Extracted records
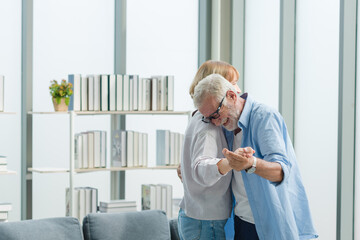 Elderly couple dancing together with happy and romantic emotion.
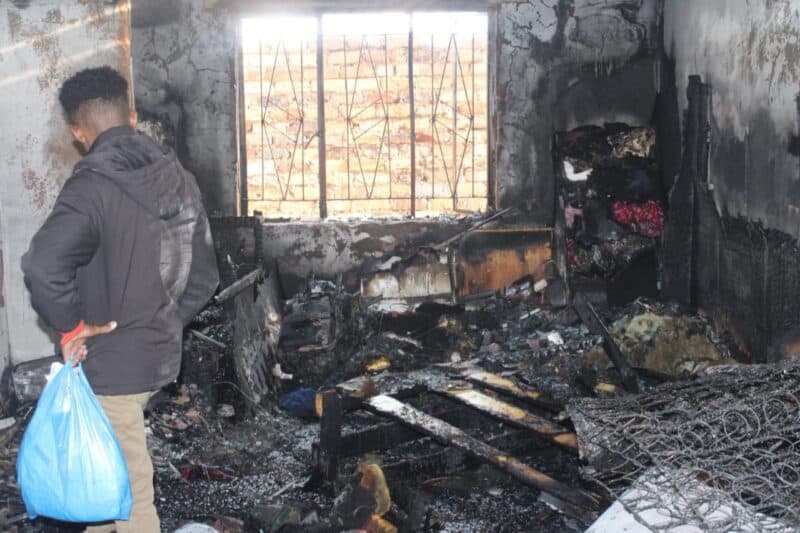 Residents rushed in with water buckets before firefighters arrived, helping contain a fire that damaged two rooms on Fulham Road.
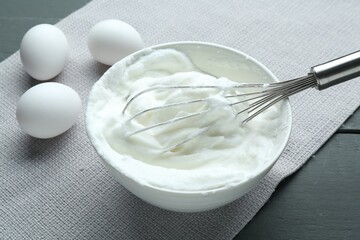 Whipped whites in bowl, whisk and eggs on grey wooden table, closeup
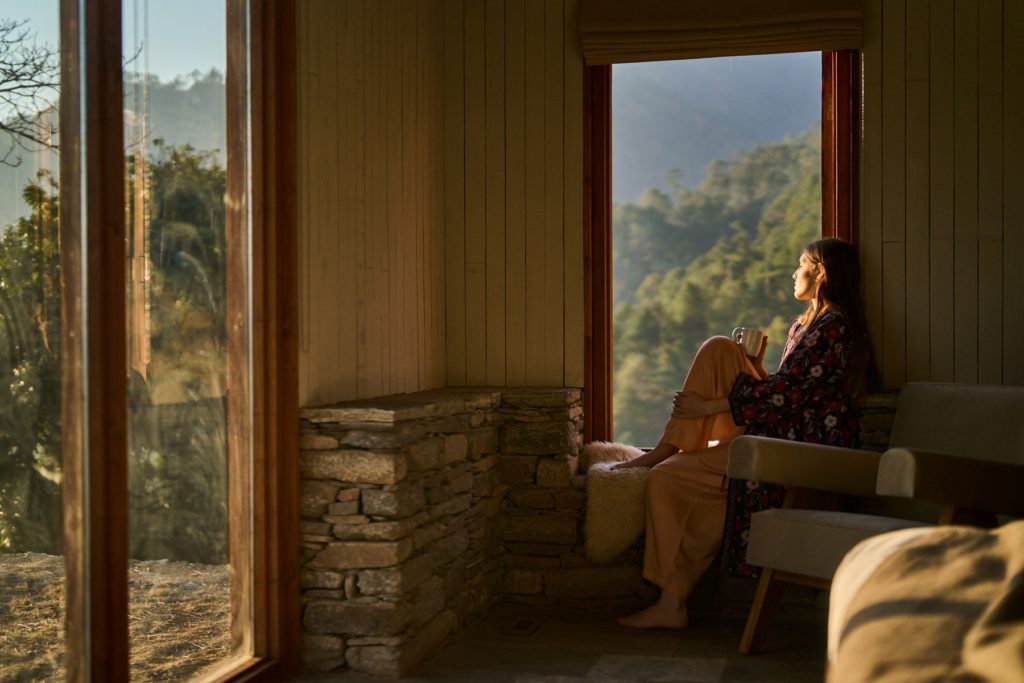 Woman relaxing indoors, bathed in warm sunlight from a window that overlooks a beautiful mountain vista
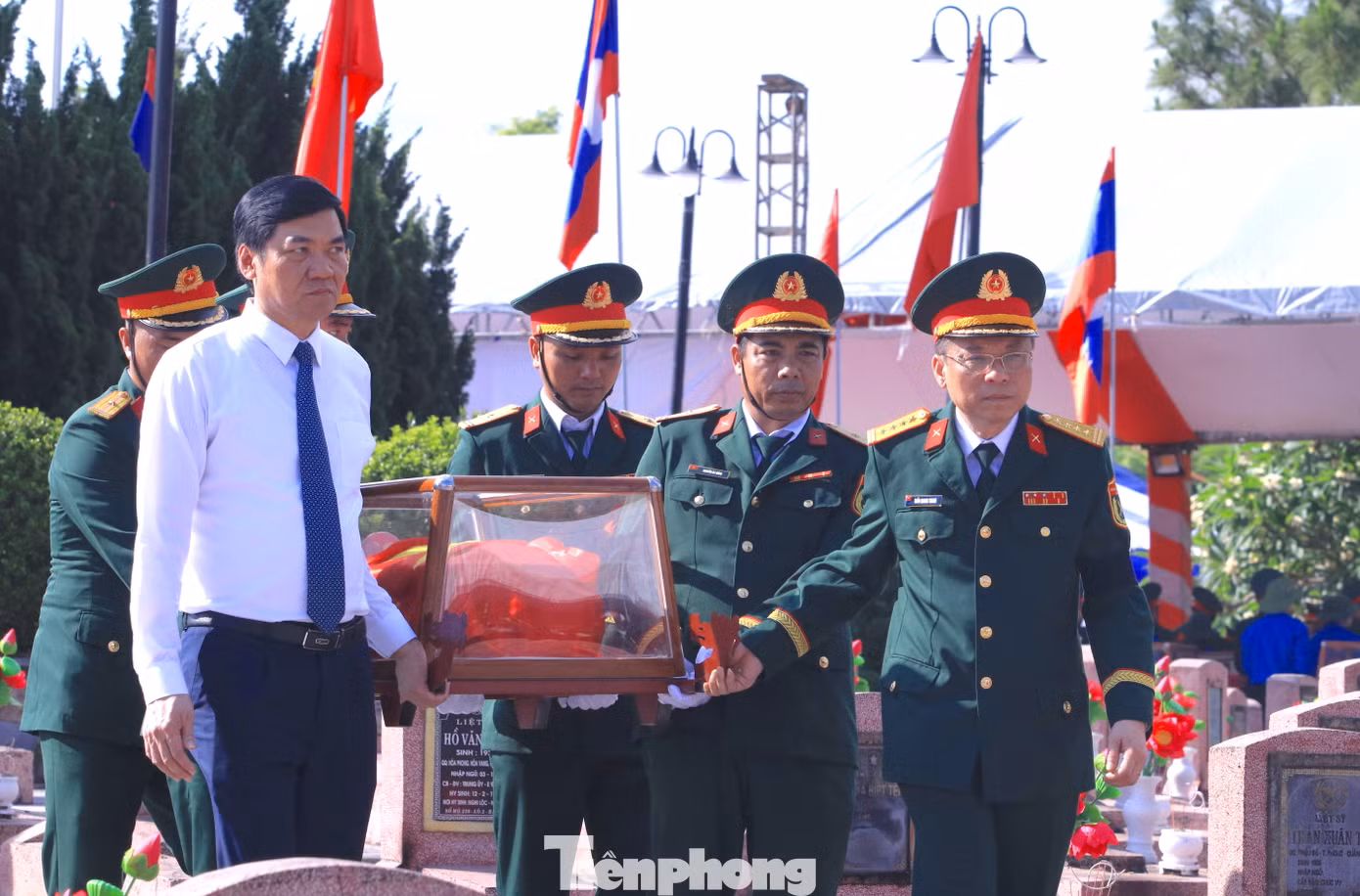 Các đại biểu di chuyển hài cốt liệt sĩ đến vị trí an táng trong nghĩa trang.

## Task prompt
The records above should be written out exactly, and the images dropped.

## Answer space
 Elderly couple dancing together with happy and romantic emotion.
 Residents rushed in with water buckets before firefighters arrived, helping contain a fire that damaged two rooms on Fulham Road.
 Whipped whites in bowl, whisk and eggs on grey wooden table, closeup
 Woman relaxing indoors, bathed in warm sunlight from a window that overlooks a beautiful mountain vista
 Các đại biểu di chuyển hài cốt liệt sĩ đến vị trí an táng trong nghĩa trang.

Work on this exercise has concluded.